*** Opening of RECORDED INFORMATION ***
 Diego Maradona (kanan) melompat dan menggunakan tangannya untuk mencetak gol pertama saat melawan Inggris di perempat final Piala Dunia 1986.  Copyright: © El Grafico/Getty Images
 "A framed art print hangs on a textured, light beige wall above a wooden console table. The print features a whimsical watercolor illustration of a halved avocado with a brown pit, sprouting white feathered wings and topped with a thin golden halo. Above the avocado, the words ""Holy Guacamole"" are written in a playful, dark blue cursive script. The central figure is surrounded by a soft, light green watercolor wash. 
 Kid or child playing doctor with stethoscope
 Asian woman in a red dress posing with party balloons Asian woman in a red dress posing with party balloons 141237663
*** Close of RECORDED INFORMATION ***
*** Opening of RECORDED INFORMATION ***
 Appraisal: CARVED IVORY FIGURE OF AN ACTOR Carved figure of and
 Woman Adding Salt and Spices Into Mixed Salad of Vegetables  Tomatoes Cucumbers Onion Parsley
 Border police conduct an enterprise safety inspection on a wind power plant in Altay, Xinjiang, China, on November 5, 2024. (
*** Close of RECORDED INFORMATION ***
TO DO: What you return must be the lines above that run from the line with "Kid or child playing doctor with stethoscope" to the line with "Asian woman in a red dress posing with party balloons Asian", inclusive, each copied exactly.

RESPONSE:
 Kid or child playing doctor with stethoscope
 Asian woman in a red dress posing with party balloons Asian woman in a red dress posing with party balloons 141237663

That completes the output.